AkademisyenSanatçı Musa Eroğlu, konuya yönelik olarak şunları dile getiriyor:
"Mersin'in Mut ilçesinde, kendi adımı taşıyan 100 bin ağaçlık bir ormanım var. 1960'larda buralar hep ormanlıktı, daha sonra orman ve ağaç türleri giderek yok oldu. Gelip geçerken hep bakardım. Bir gün kiralayıp ağaçlandırmaya karar verdim. 1999 yılında başvuruda bulundum, 2000 yılında 900 dönüm araziyi teslim ettiler. Ondan sonra da başladım çalışmaya. Bu orman için yıllardır çalışıyorum, bazı ağaçlar kocaman oldu, bir kısmı şimdiden boyumu bile geçti.”
Güzelliğe, duyarlılığa bakar mısınız? Sanatçı dediğin salt toplumun değerlerini gündeme getirerek onu bir biçimde sömüren, nabza göre şerbet veren, hep alan değil, ona katkıda bulunan, üreten, veren yapıda olmalıdır. Örnek mi arıyorsunuz. İşte Musa Eroğlu. Katıksız sanatçı.

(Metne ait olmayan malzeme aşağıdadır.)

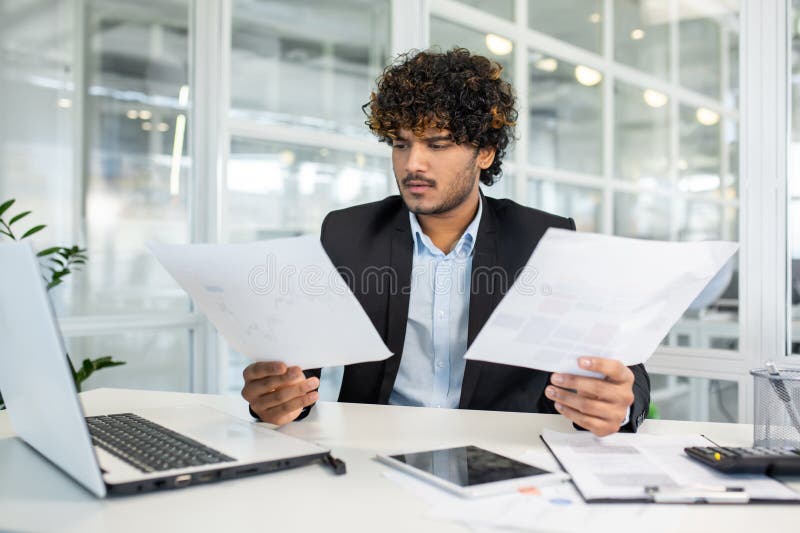 Focused young businessman with curly hair wearing a suit examining multiple documents and reports while sitting at a modern office desk. Focused young businessman with curly hair wearing a suit examining multiple documents and reports while sitting at a modern office desk.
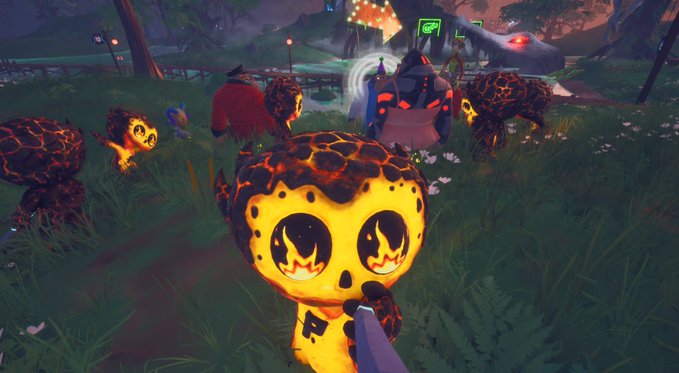 A screenshot from a video game showing a glowing lava-like character with large eyes surrounded by similar figures in a grassy outdoor area.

Sevgili Eroğlu, doğduğu yeri, aslını inkar etmeden, konuya ilişkin sözlerine şöyle devam ediyor:
“Ben buralıyım. (Mersin’e bağlı Mut ilçesinde Sartavul köyünden) Ormana yakın yerde bir bağ evim var, orada oturuyorum. Bu bir yaşam biçimi benim için, burada yaşıyorum, bu ağaçlarla konuşuyorum, doğa benim öteki yarım. Çünkü müziğimde de söylediğim ve insanlara ulaştırmaya çalıştığım şey, doğa ve insan sevgisi. Sadece insanı sevmek yetmez, insanın yaşayacağı muhiti de seveceksin, bastığı toprağa da ilgi göstereceksin.”
Toprak, onun değerini bilirsen, vatan yaparsan, yurt yaparsan, korursan, kollarsan anlam taşır. Yoksa, taştır, kayadır, sudur, kildir, kumdur, çakıl ve kara topraktır. Uğrunda can verirsen vatandır, gerisi ayrıntıdır. sanatçıya esin kaynağıdır, görürsen, duyarsan, can kulağıyla dinlersen.
Sorumluluk sahibi bir sanatçı olarak Musa Eroğlu, sorgulayıcı aklıyla, sınırsız yurt sevgisi ile, kültür ve sanata yatkınlığı, yeteneği ve doğaya olan sevgisi ile durum değerlendirmesi yapmaya devam ediyor:
“Biz, çocukluk dönemimizde çok orman kestik. Çağırdılar, kesin dediler, kestik. O kestiğimiz her ağaca karşı, bugün yüzlercesini dikmek istiyorum. Kazandığım parayla buralara yatırım yapıyorum. Bugüne değin hiç kredi almadım, hep verdim. Ormana kira, işçilere bakım ücreti, hep verdim. Vermeye de devam edeceğim. Benim yatırımım geleceğe. Yoldan geçen insanlar daha iyi soluklansın bana yeter. Yaşanacak bir Toroslar'ı bırakmak; işte benim dünyam, işte benim düşlerim.."
Sevmek, sevdalı olmak başka şey. Doğa sevdalısı, türkü sevdalısı Musa Eroğlu, bu güzel davranışlarınla sana hayran olmamak, seni sevmemek,takdir etmemek mümkün mü?
Sen düş kurmaya devam et. Daha çok ağaç dik, diktir, başkalarına da örnek ol ki, yurdum bütünüyle yeşillenip şenlensin, yurdum insanı, ormanlarında korularında soluklansın. Ormanı yakmamayı, yeşil dokuyu korumayı, çocuklarının geleceği için sahiplenmeyi öğrensin. İyi ki varsın. Seni, senin gibi katıksız yurtsever insanları klonlayıp çoğaltmak gerek. Her kente birkaç Musa Eroğlu gerek.